Restos del Castell Formós de
Balaguer, foto Arqueoxarxa. Quizás una prefiguración de lo que nos espera.
En la fábrica ciertas
cosas se entendían con facilidad: nadie es más que otro, se necesita el
esfuerzo de todos, el controlador es un mierda, y si un compañero te pide el
cambio de turno por una urgencia tú lo haces porque hoy por ti, mañana por mí,
aunque él sea de Sierra Leona.
Con la desaparición
de la fábrica “física”, y la generalización de las subcontratas efímeras y de
las externalizaciones masivas, la solidaridad interna del grupo no encuentra
cauces adecuados. Tan solo sigue vigente la defensa de los puestos de trabajo,
y ahí, en el regateo, empiezan las cuestiones de que unos son más que otros:
unos tienen más antigüedad; otros, más residencia; otros aún, mejores papeles.
Fuera de la “modernidad”
igualadora de la fábrica, las cosas siempre fueron muy distintas. Ya Carlos
Marx dejó sentado (en “El 18 Brumario de
Luis Bonaparte”) que los pequeños propietarios agrarios no son una clase
social, sino aproximadamente lo contrario: el suyo es el reino del
particularismo, de los pleitos por las lindes, de la envidia y el rencor
acumulados, del hacer prevalecer los derechos legales o consuetudinarios
propios frente a los del vecino…
De forma asombrosa,
en la Cataluña post industrial ha resucitado la mentalidad intemporal del
pequeño terrateniente, su ruindad, su astucia para tirar la
piedra al prójimo y esconder la mano, su recurso a los leguleyos para torcer el
espíritu de las normas con el fin de conseguir una ventaja de dos palmos en la linde
con el sembrado del vecino. Se ha fijado el tiempo de la reivindicación nacional en
1714, pero se está retrocediendo aceleradamente hasta la guerra de los
remensas. No debe faltar mucho para que uno de nuestros nuevos viceconsellers o
similar, expertos en el mundo digital y en las escuelas americanas de negocios,
nos salga con la necesidad de recuperar los malos usos y el ius primae noctis en la resplandeciente
República que ya se albira en la lontananza.
Existe un
precedente histórico, pero solo se publicita de una manera parcial y sesgada.

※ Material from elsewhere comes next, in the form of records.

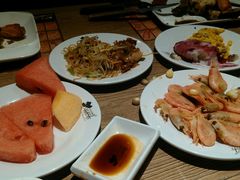 -汉巴味德(大悦城店)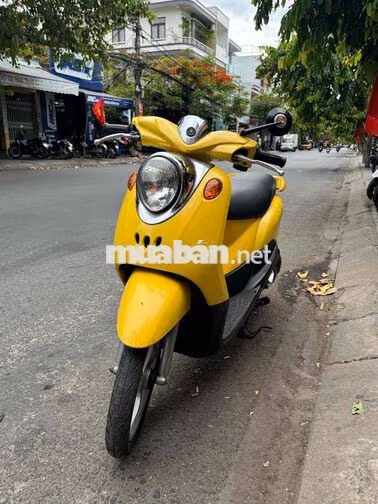 Yamaha Mio Vàng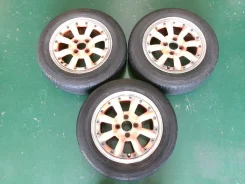 SSR Watanabe RS-8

Don Jaume d’Urgell, el Dissortat,
tuvo en Caspe el voto en contra de las nuevas élites comerciales urbanas, que
no eran favorables a los métodos de gobierno “de toda la vida”, basados en la
horca, el cuchillo y la bendición eclesiástica.
Don Jaume se
levantó contra los Trastámara a destiempo, confiado en una milicia inglesa que
nunca llegó y en el apoyo incondicional de los grandes barones catalanes.
La reacción de los
grandes barones en ese trance fue digna de la teorización posterior de la Puta
y la Ramoneta. Don Jaume y Don Fernando les solicitaban mesnadas y recursos en
efectivo, para combatirse recíprocamente. Y los nobles catalanes respondieron de
forma unánime y concertada enviando a Urgell un pelotón al mando de un sargento,
y otro pelotón similar al de Antequera, al mando de otro sargento. Añadieron su
pleitesía a ambos, no aportaron a ninguno de los dos dinero efectivo, e
hicieron constar su promesa firme de una neutralidad exquisita en la contienda
civil abierta.
Hubo una guerra medio de
mentirijillas, y un asedio muy real al Castell Formós de Balaguer. Don Jaume no
se lo creía: ¡pero si iba de farol! Hasta qué punto llegaba el farol, se puede
deducir del hecho de que “olvidó” meter en el castillo, en el que se había
propuesto resistir “hasta el final”, pólvora para su artillería. Luego mandó a
su esposa, pariente de Fernando, a negociar la rendición. Solo obtuvo garantías
por su vida.
Pasó el resto de su
vida en prisiones castellanas, sin tercer grado ni redención de penas. El país
se precipitó aceleradamente hacia la siguiente guerra civil. Son datos al alcance
del Institut Nova Història y de la Generalitat, pero ambas instituciones deben de haber decidido
de común acuerdo que no son significativos.